Letters to the Editor
June 15, 2023

To the Editor:

The tragedy that is Donald Trump is almost Shakespearean. A man who has avoided responsibility for his many personal, business, and constitutional transgressions, is also such a “stable genius” that the indictment evidence is largely his own words. Many of the witnesses are former Trump advisors and allies sworn to tell the truth.
The 49-page indictment, available on-line, contains 37 counts against Trump and co-conspirator Walt Nauta, and is stunning in its specificity and includes quotes, not just allegations.

Trump involved his attorney, Evan Corcoran, in unwitting, possible criminal liability himself, thereby piercing the attorney/client privilege and increasing his own vulnerability. Hardly King Lear, but his inability to recognize and honor any truth beyond his own self-interest will conjure disaster.

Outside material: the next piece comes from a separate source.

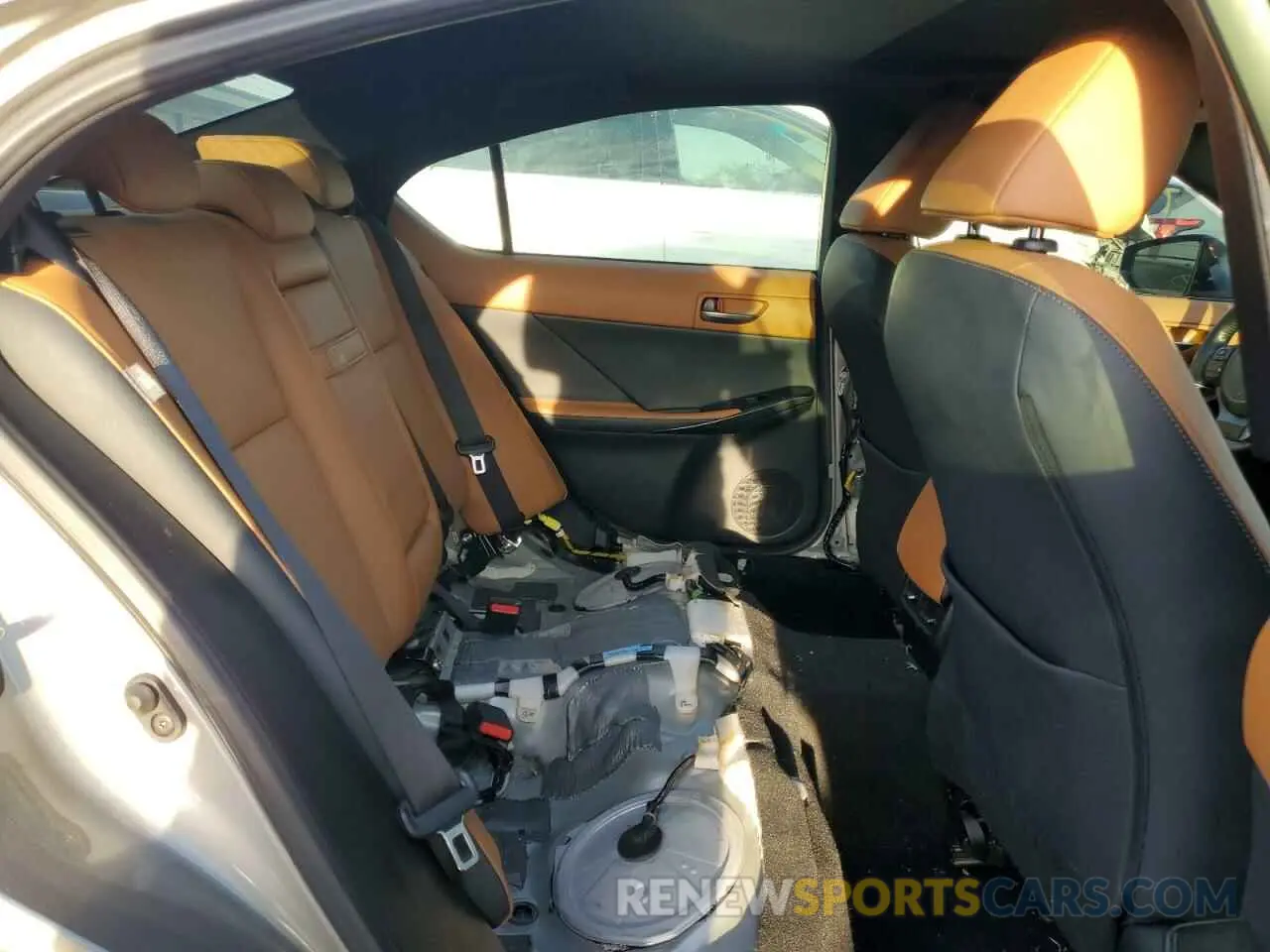 10 fotografías del automóvil dañado JTHCA1D29P5125568 LEXUS IS 2023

The indictment does not cite unknowing or accidental possession of classified documents as criminal, but concludes that Trump’s retention and refusal to return all the documents after repeated assurances and a warrant, moving boxes to avoid discovery, and lying to the FBI about it, constituted “obstruction of justice.” Violation of the Espionage Act occurred in willful retention of national defense information which was found at Mar-a-Lago. And there are tapes.
According to a report from the Washington Post, Trump’s allies were stunned when the indictment was much more detailed and damning than expected, and clearly showed that there would have been no significant issue if Trump had simply listened to his lawyers.

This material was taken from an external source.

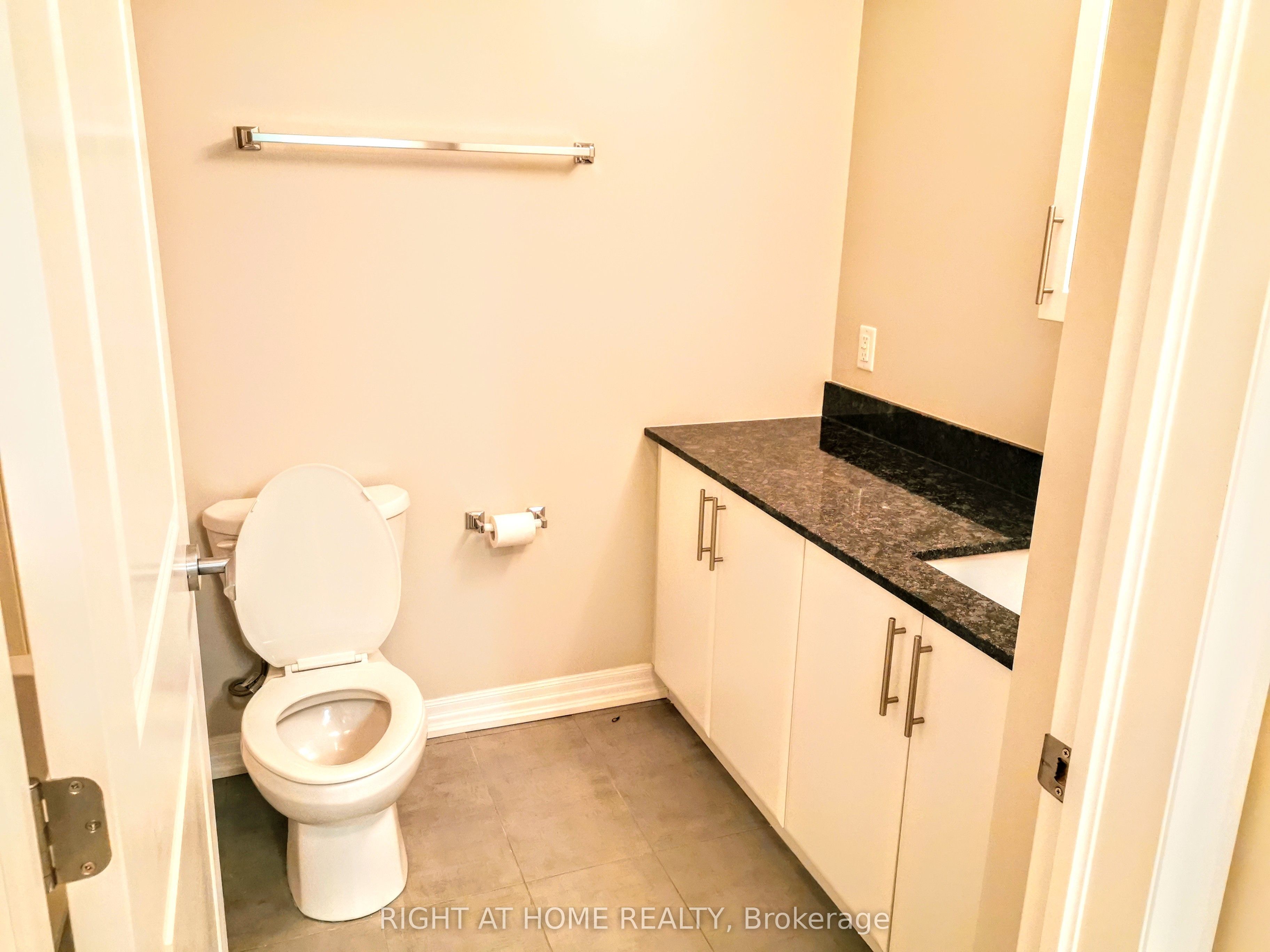 195 Besserer Street 2307 Property Photo 15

Trump, ever the victim, predictably whined that he is being “persecuted like the world has never seen.” He attacked law enforcement and claimed political conspiracy and oppression, and “election interference.”
The far-right media exploded with calls for violent retaliation and abandonment of the rule of law. I am not going to repeat here the anti-democratic expressions of hate and threats of terrorist brutality I read. We will see what happens at the arraignment on Tuesday in Miami.

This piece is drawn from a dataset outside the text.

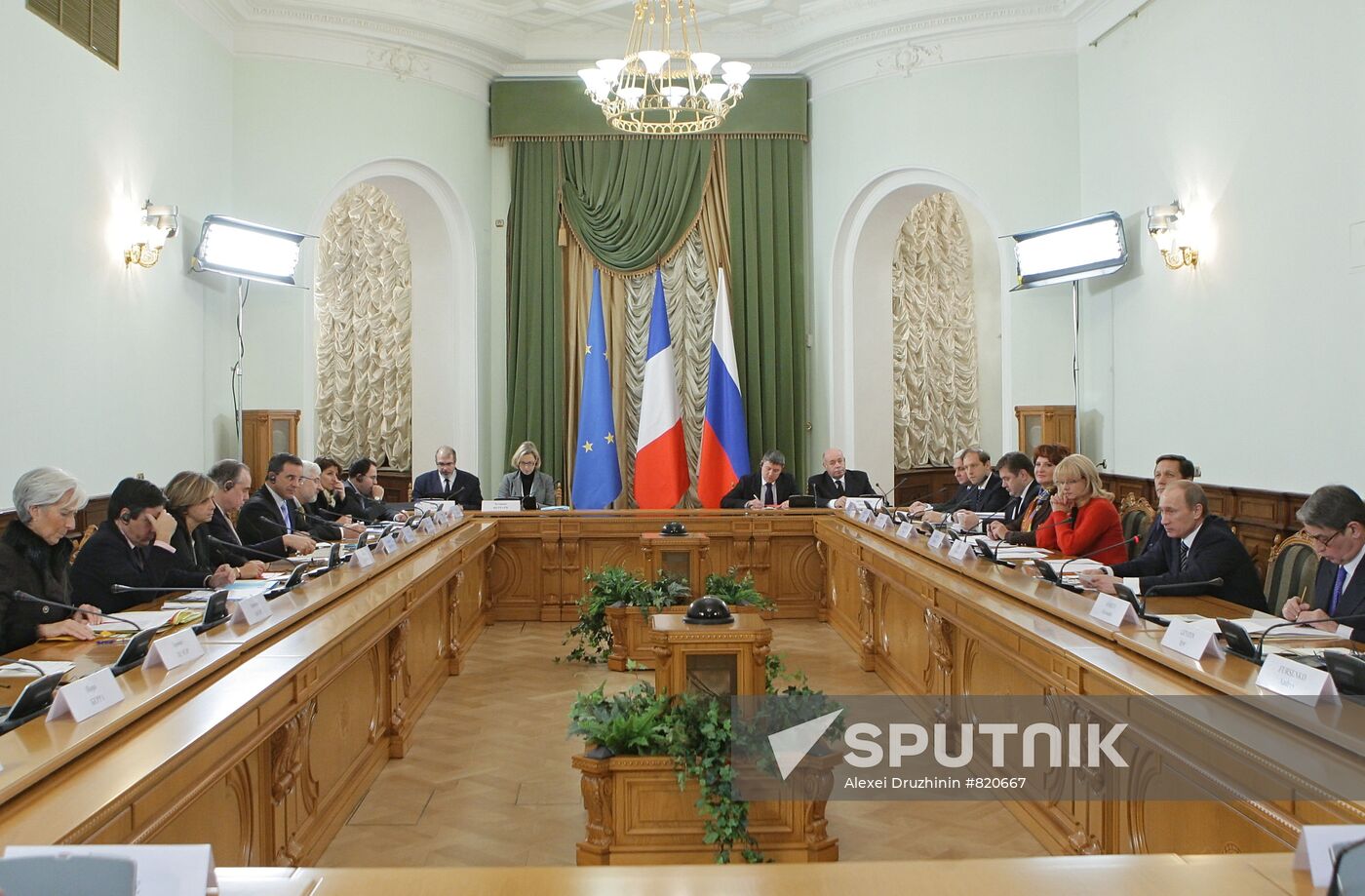 Vladimir Putin, Francois Fillon take part in a meeting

Clay Higgins (R-LA) tweeted, referencing military-grade maps and alluded to taking over “bridges” before the arraignment. Andy Biggs (R-AZ) tweeted, “We have now reached a war phase. Eye for an eye.” His Republican colleagues remained predictably silent.

Trump will have his day in court as does any defendant, unless he takes a plea deal to avoid incarceration. But that would require admitting crimes, something someone with Narcissistic Personality Disorder cannot do.
Except for blame, everything else is his: women, crowd size, storm projections, elections, classified documents, legal expertise, reality.